# Convertible tripod/monopod options



## curby (Apr 9, 2014)

Hi, I'm looking to replace my current Feisol tripod, due to some space and usability issues. The Feisol can still be used at home, but I'd like something more compact and modern for travel. 180°-folding legs, monopod conversion, and 5-segment design can help with compactness, and some modern usability features like non-rotating leg sections would be nice. 

I use a non-gripped 70D, and my longest lens is currently a 70-200/4, though I'm looking to extend into the 300-400 range in the next year or two. I do a variety of travel photography including wildlife, landscapes, architecture, and near-macro.

Options I've found thusfar:

https://docs.google.com/spreadsheet/ccc?key=0Av1HyANgStffdEJkaHVwd3QzUnFvTWt2R3Ffb0FrcUE&usp=sharing

Must-haves include good reliability and stability for the weight and price class, twist locks with anti-rotating legs, and a monopod conversion feature. I'd like to spend under $400, but could go higher if there's something amazing just out of that range. I have a ball head I could transplant, but a good head that comes with the new tripod would work too.

Are there any other options I missed? Have you had positive or negative experiences with any of them? Any other thoughts? Thanks in advance!


----------



## Mt Spokane Photography (Apr 10, 2014)

I's recommend going for a Gizto. 

The Chinese brands are inexpensive, and look good on paper, but when one needs a part in a few years, try to find parts for it. Under good conditions, they are fine, but outdoors in hot, wet, or cold weather, they turn out to not be so reliable.

I bought two $400 Benro CF tripods from B&H a few years back. They are heavy duty, and look nice, I really like them. BUT !!! There are no parts available, and it turns out that there never were any parts one could get. That $400 set of legs might just end up in the junk pile, while you will be able to get Gizto parts for many years.


----------



## expatinasia (Apr 10, 2014)

I am a big fan of the Sirui (can't remember the model now - will post later). I travel a lot and frequently use both the monopod and tripod. They are strong and well built. See further comments in my reply to MtSP below.
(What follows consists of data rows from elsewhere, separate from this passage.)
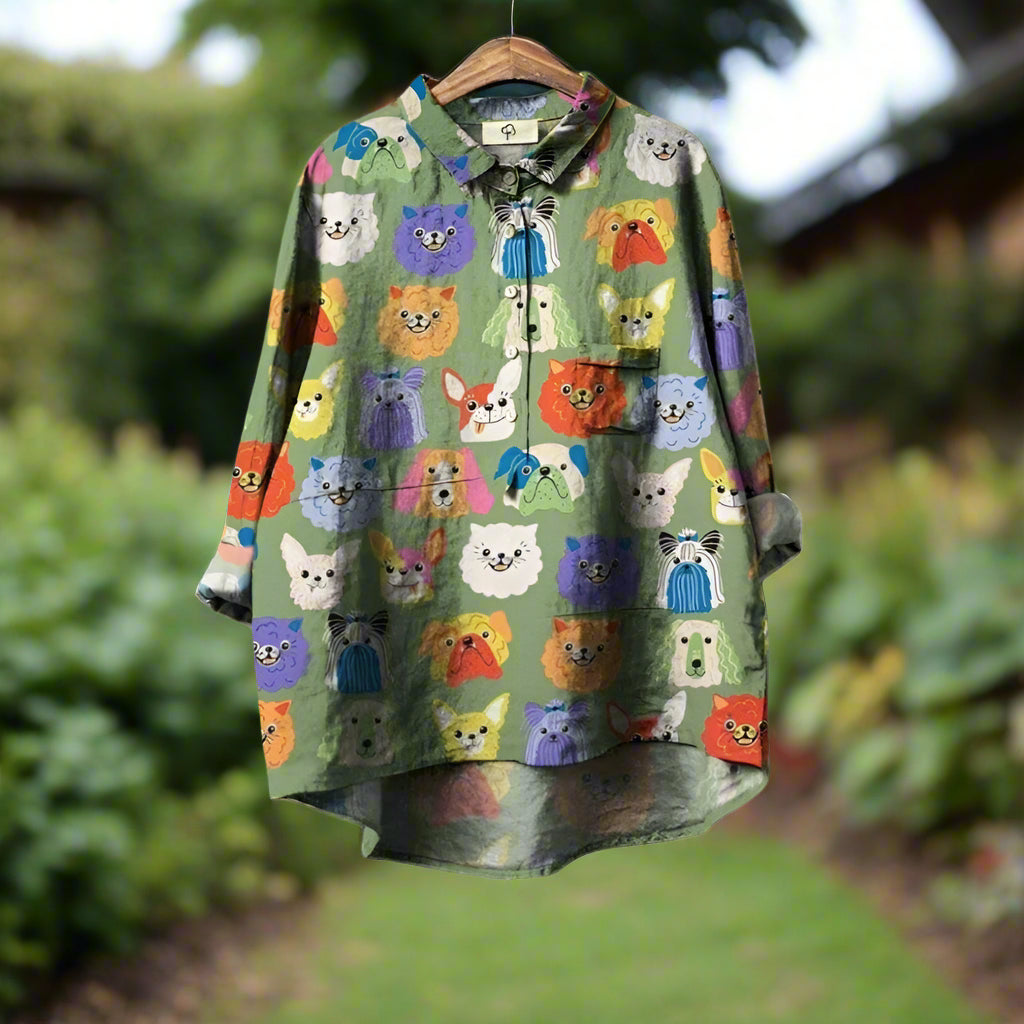 Shiloh™ | Playful Dog Print Blouse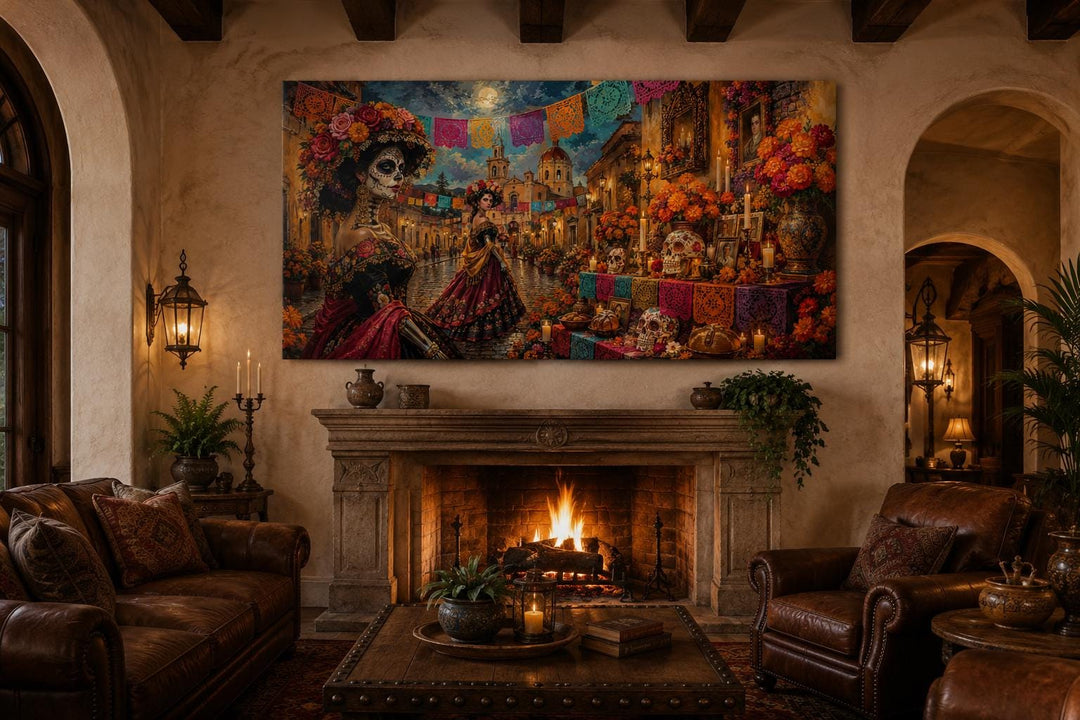 Day of the Dead Catrina wall art canvas print hanging above a fireplace in a rustic living room.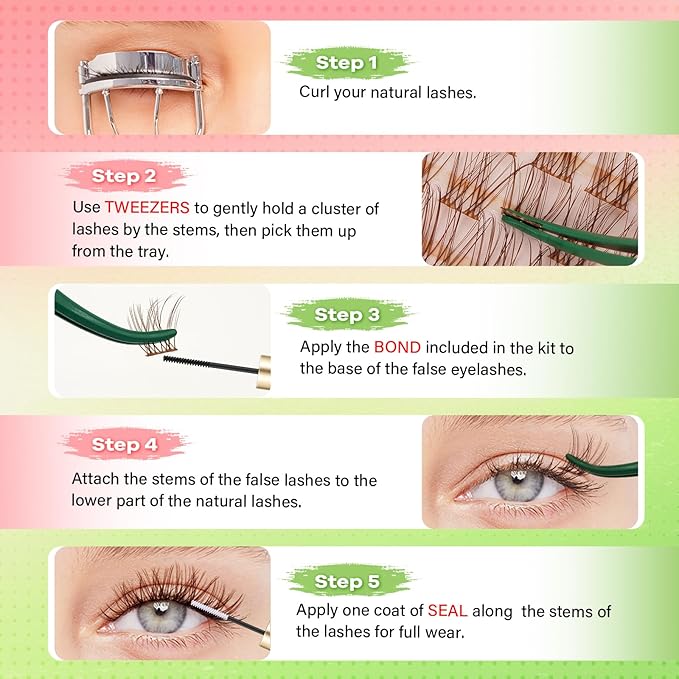 KEYYOU Venus Brown Lash Clusters Kit Fairy Lash Extension Kit C Curl 120Pcs Eyelash Extension Wispy Natural Invisible Band Lash with Waterproof DIY Lash Extension Kit at Home(Venus Brown-C-8-16MIX)
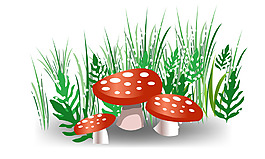 矢量蘑菇绿草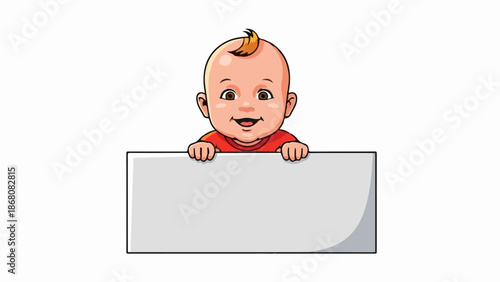 A happy cartoon baby peeks over a blank sign, ready to share a message with a joyful expression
Mt Spokane Photography said:


> The Chinese brands are inexpensive, and look good on paper, but when one needs a part in a few years, try to find parts for it. Under good conditions, they are fine, but outdoors in hot, wet, or cold weather, they turn out to not be so reliable.



That is not my experience with Sirui for example, which is a great monopod/tripod. The monopod is strong enough to hold a 1D X with a 400 f/2.8 ii and is so small it fits inside my carry on luggage with space to spare. The tripod is strong enough for a manfrotto MVH502AH, a 1DX with 70-200 f/2.8 ii.


----------



## curby (Apr 10, 2014)

Thanks for the thoughts! I'm trying to travel light, hence the convertible tripod/monopod unit so I don't have to pack four legs. Does Gitzo offer such a thing? I don't think they did when I last looked. Perhaps it's too gimmicky a feature for their intended professional audience?

@expat, I'd love to know which model you got. 

Thanks again!


----------



## expatinasia (Apr 11, 2014)

curby said:


> @expat, I'd love to know which model you got.



Sorry, am travelling at the moment.

I have the Sirui N-2004. Never had a problem with the monopod in heavy rain (sat out using it all day), humidity etc. many times and never once hinted there may be an issue. It can carry a lot and even more than I described above.

Go to a store and check one out you will be amazed at the monopod part especially, but also just how small the lot compacts into.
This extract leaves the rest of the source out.